Я с недоверием потрогал обёртку.
- Смелее, смелее. Разворачивай.
Я быстро взглянул на него, словно предупреждая: «Знаю — это какая-то дурацкая шутка», и осторожно, слой за слоем, развернул бумагу.
Там оказался кусок холста.
- Что это? - медленно спросил я.
На холсте были немыслимо изогнутые шахматные кони, длинношеие, с развевающимися гривами, похожие на ожившие изваяния. Мимо них плыли тонкие королевы с алыми губами под руку с рыжебородыми королями в сверкающих доспехах. И всё это — на какой-то до рези в глазах неправильной, волнообразной, расплавленной, выгнутой чёрно-белой поверхности, зависшей в воздухе между землёй и небом. Там были лепестки маков и брызги океана. А ещё - ярко-красные яблоки и белые клочья облаков...

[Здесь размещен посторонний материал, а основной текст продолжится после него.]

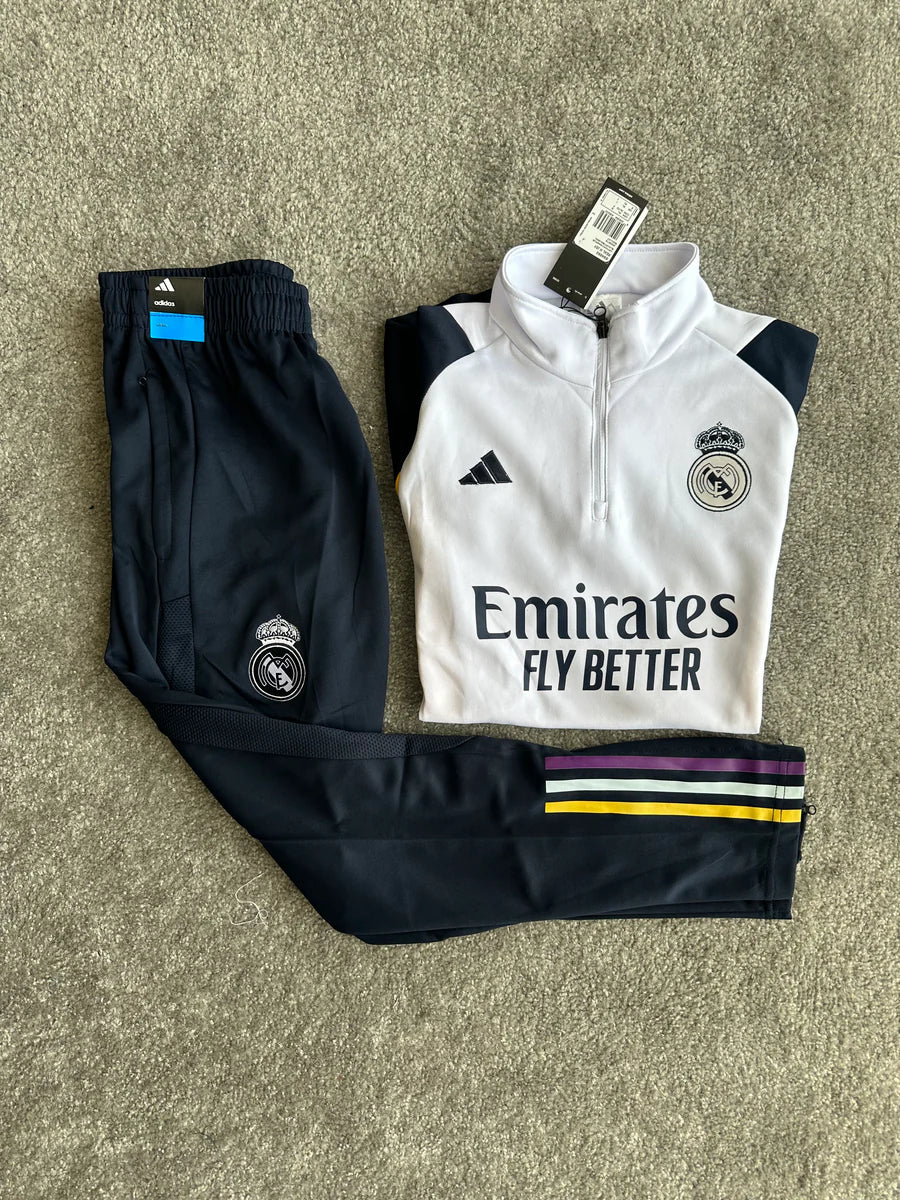 CHANDAL REAL MADRID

- Что это, Руни? - повторил я. - И... и... и... искусство?
Я выплюнул это слово как мёртвую устрицу.
Клянусь: я почувствовал, как у меня перекосилось лицо.
Руни спокойно кивнул.
- Вот чему я посвятил это время, - сообщил он с достоинством.
Я нервно сглотнул.
- Руни Ривер, ты стал х.. худ... художником? - от этих слов во рту у меня сделалось металлически-сладко, словно кто-то одним точным движением кулака ударил меня в челюсть.
Руни смотрел невозмутимо, с каким-то новым, незнакомым мне выражением.
- За эти годы я написал сотни картин, - сказал он, и на лице его заиграл странный восторг. - И всякий раз чувствовал, что побеждаю необратимость. Посмотри: фигуры здесь живут своей жизнью, они живые, они свободные! Здесь, внутри этой картины, нет законов необратимости. Здесь нет никаких законов вообще! Да, без законов всё теряет смысл — и все мои картины бессмысленны. Я уже знаю, что ты хочешь спросить. Ты хочешь спросить, зачем всё это нужно. Затем, Йул, что свобода — только здесь. Это отвлекает — хотя бы ненадолго - от того, что вокруг: от страшного, неизбежного, неотвратимого... Ты больше не бьёшься с законами — ты создаёшь свои. Но вы... Вряд ли вы... Вы ведь так преданы вашей науке...
Было странно и жутко слышать это «вы» от Руни — того самого Руни Ривера, когда-то нашего лучшего пилота.
- Когда меня не станет, - продолжал он, - продашь на аукционе. Смерть всегда привлекает. Придумаешь историю потрагичнее, где нужно — приукрасишь... Или - знаешь, что? Подари эту картину следующему командиру «Каммерера». А вообще - делай как знаешь. Это подарок. Спасибо за коктейль.
Он встал, подобрал свою сумку и зашагал прочь. Уже выйдя в коридор, он вдруг резко остановился и высунул голову из дверей.
- И удачи вам! - шепнул он. - Бейтесь дальше!
В этих неожиданных словах было столько снисходительности, столько насмешки, столько самодовольного превосходства, что я не ответил.
*
Руни Ривер помешался окончательно — это было ясно как день.
Но знаете, что странно?
После той встречи с ним я просто ходил по Институту и заглядывал в лица людей. И ни на одном из них я не увидел и тени того безграничного восторга, какой был на лице Руни, когда он говорил о своих картинах.